Five games will help determine playoff seeding, and two others — Indianapolis at Jacksonville and San Francisco at St. Louis — will determine who gets the No. 1 pick and the right to select Stanford quarterback Andrew Luck, likely the top selection.
As pointed out this week by Profootballtalk.com, only three games have no bearing on the playoff picture and negligible effect on the draft: Chicago at Minnesota, Washington at Philadelphia, and Seattle at Arizona.
This type of Week 17 intrigue is what the NFL had in mind two years ago when it decided to make all finales division matchups, thus creating incentive for teams to fight for victories to the end. The league was tired of playoff-bound teams taking their foot off the accelerator and coasting into the postseason, the way the 2009 Indianapolis Colts did when they got to 14-0 and opted to rest Peyton Manning, losing their final two games.
What made scheduling especially tricky this season was the looming specter of games being canceled because of the labor mess. So Katz and his crew spent the months between April and the end of July — from when the schedule was released until the end of the lockout — devising scheduling alternatives and contingency plans.
If the NFL had to play a shortened season, for instance, it could have scrapped Weeks 2 and 4, along with the bye week. That meant making sure there were no division games in Weeks 2 and 4, and that every team in the league played a game at home and on the road in those two weeks. Week 3 pitted teams that had identical bye weeks, so if all byes were eliminated, that week’s slate of games could be replicated.

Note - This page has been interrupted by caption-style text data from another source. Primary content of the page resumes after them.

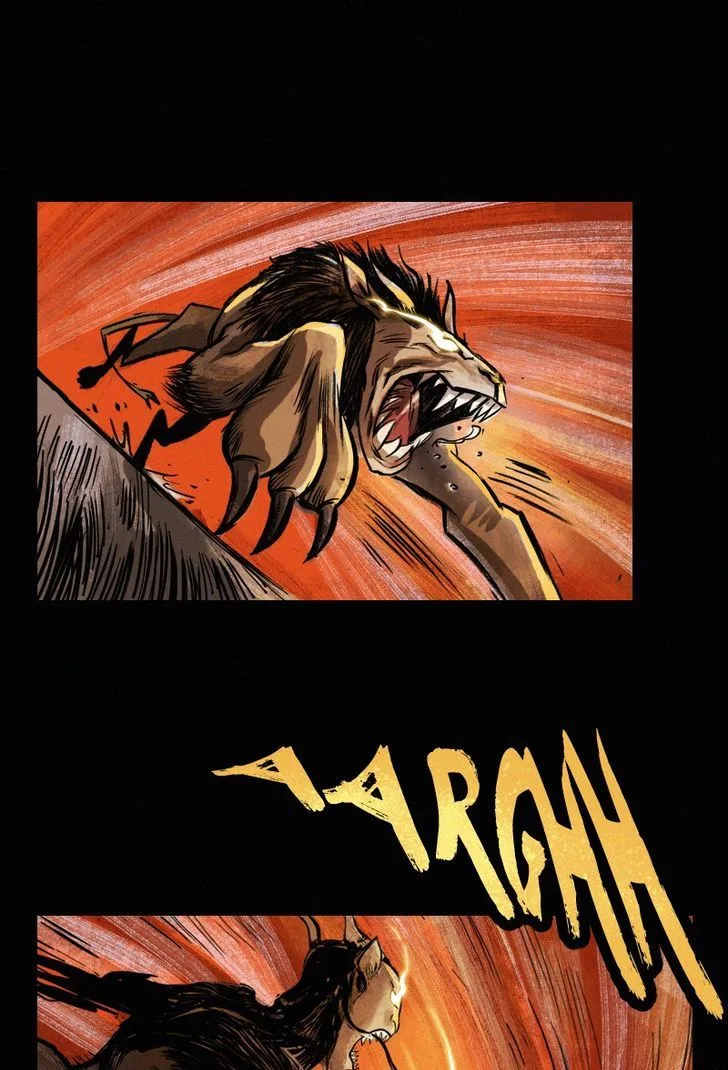 Inarime Chapter 49 page 27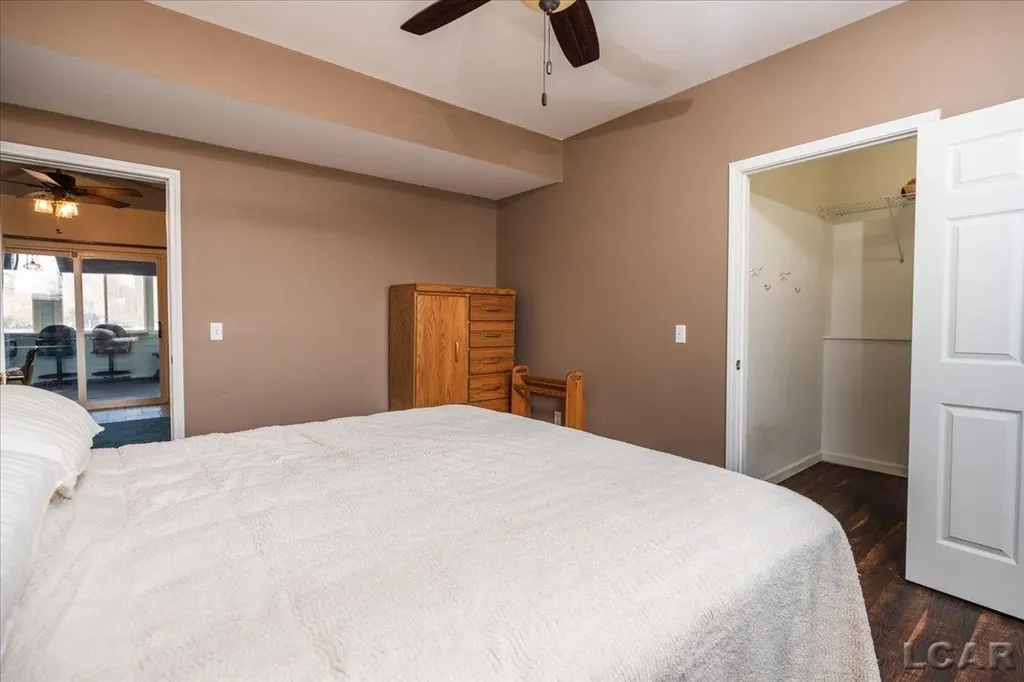 8266 Irish Mist Drive Cambridge Township MI 49265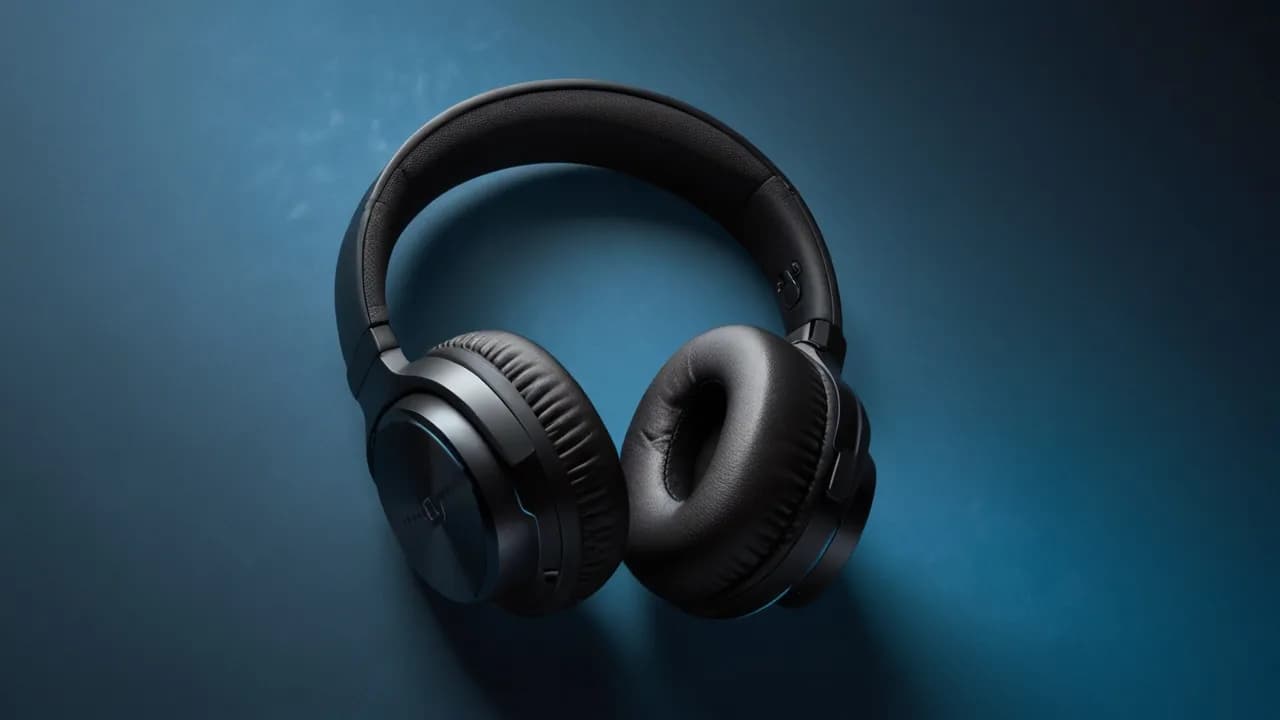 Słuchawki Bluetooth: Jak podłączyć i uzyskać najlepszy dźwięk?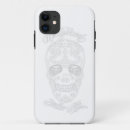 Suche nach dia de los muertos iphone hüllen Zuckerschädel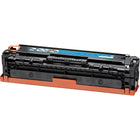 Cartouche d’encre 131 de Canon, cyan (6271B001)-Le paquet comprend une cartouche de toner cyan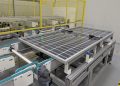 Boviet Solar starts production at North Carolina panel factory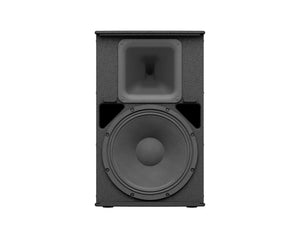 YAMDHR12 - Yamaha DHR12 2 Way 12inch Active Loudspeaker Class D Amp 465W Black Image 3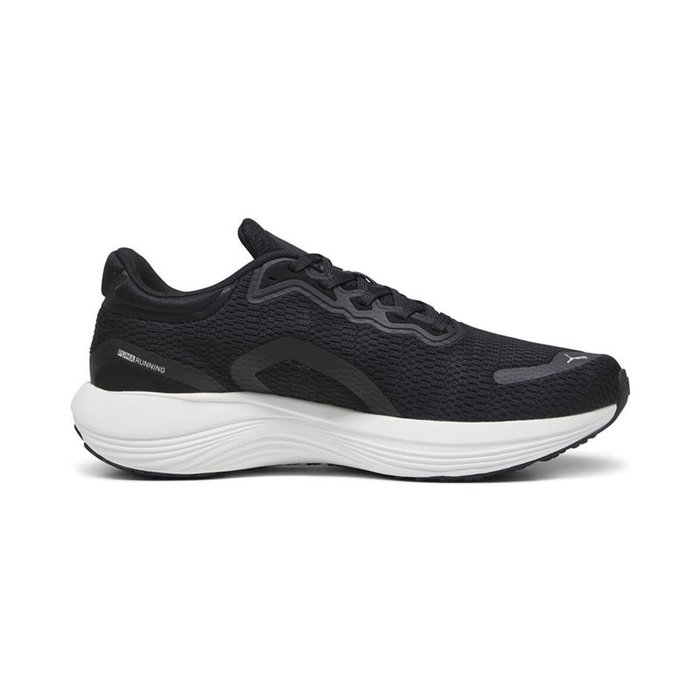 Chaussures de Running pour Adultes Puma 378776 02 Noir Chaussures de Running pour Adultes Puma 378776 02 Noir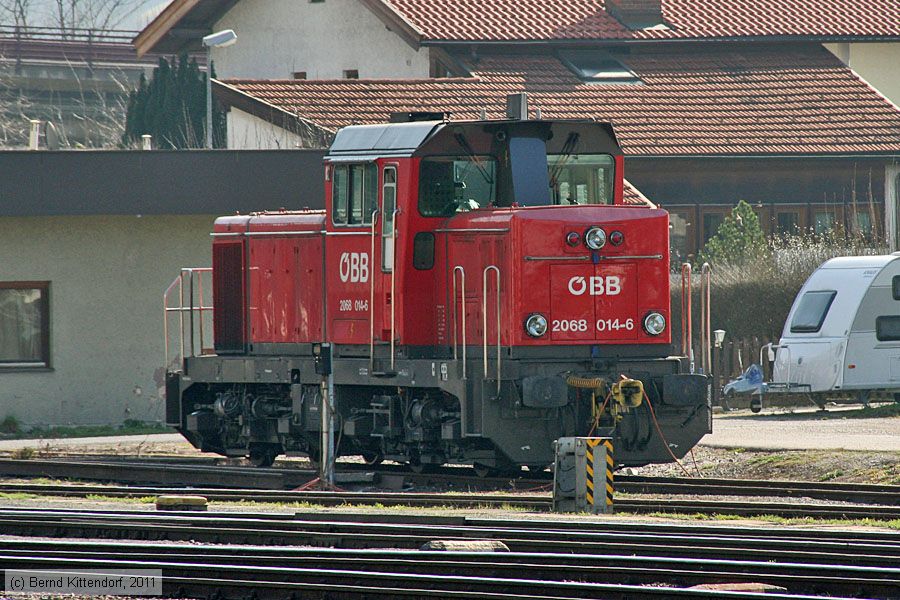 ÖBB - 2068014-6
/ Bild: oebb20680146_bk1103290084.jpg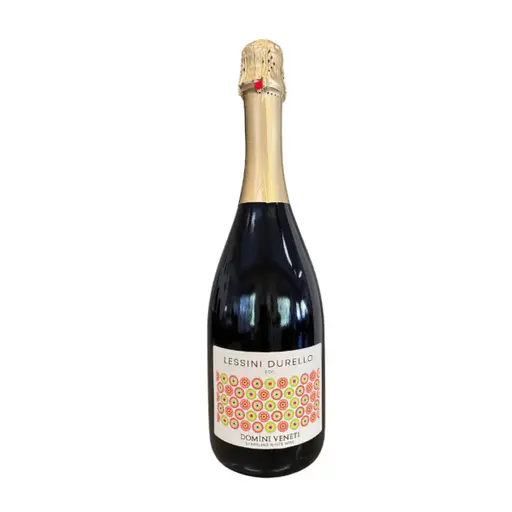 Vin spumant alb brut Domini Veneti Lessini Durello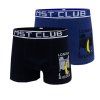 Boxe mst E6011h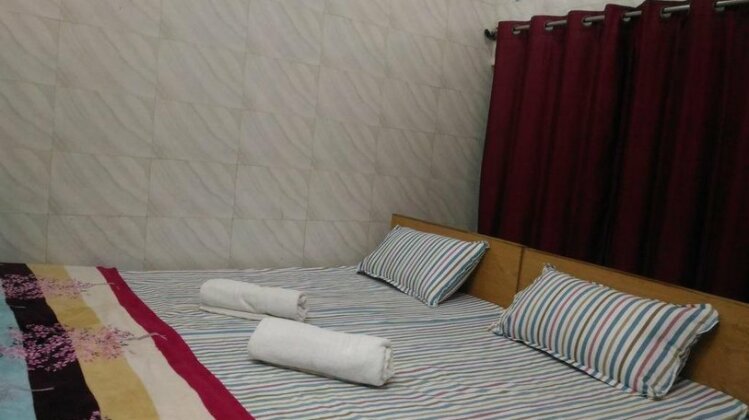 Goldy Guest House - Photo5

“It was pretty complicated to do that,” said Katz, who has been in charge of scheduling for the last five years and said this last year was by far the most stressful.
Not everything went off without a hitch. Tweaking the schedule meant some teams had to play three consecutive games on the road, and some division series were bunched closer than the league would have liked. In at least three cases, teams had to travel across the country to play on a short week, as the San Francisco did in playing at Baltimore on Thanksgiving, a none-too-pleasing scheduling quirk for 49ers Coach Jim Harbaugh.
“One of the things we reminded ourselves of is we can’t do that to clubs,” Katz said. “We’ll make sure that doesn’t happen next year. That was one of the unintended consequences of this year’s schedule, and we’ve learned from those.”
The 2012 season will bring some new challenges, among them the likelihood that there will be Thursday night games throughout the season as opposed to merely the second half of the season.
Katz and others will begin working on the upcoming schedule in early January before meeting with network partners some time around the Super Bowl to determine who gets which high-demand games. The schedule will be released in April and, with no labor strife on the horizon, Katz is hoping then to get his first good night’s sleep in a year.
“A successful year,” he said, “is when all our ratings are up and we have great games in Week 17.”
In a job that’s part science and part serendipity, it’s hard to quibble with the latest results.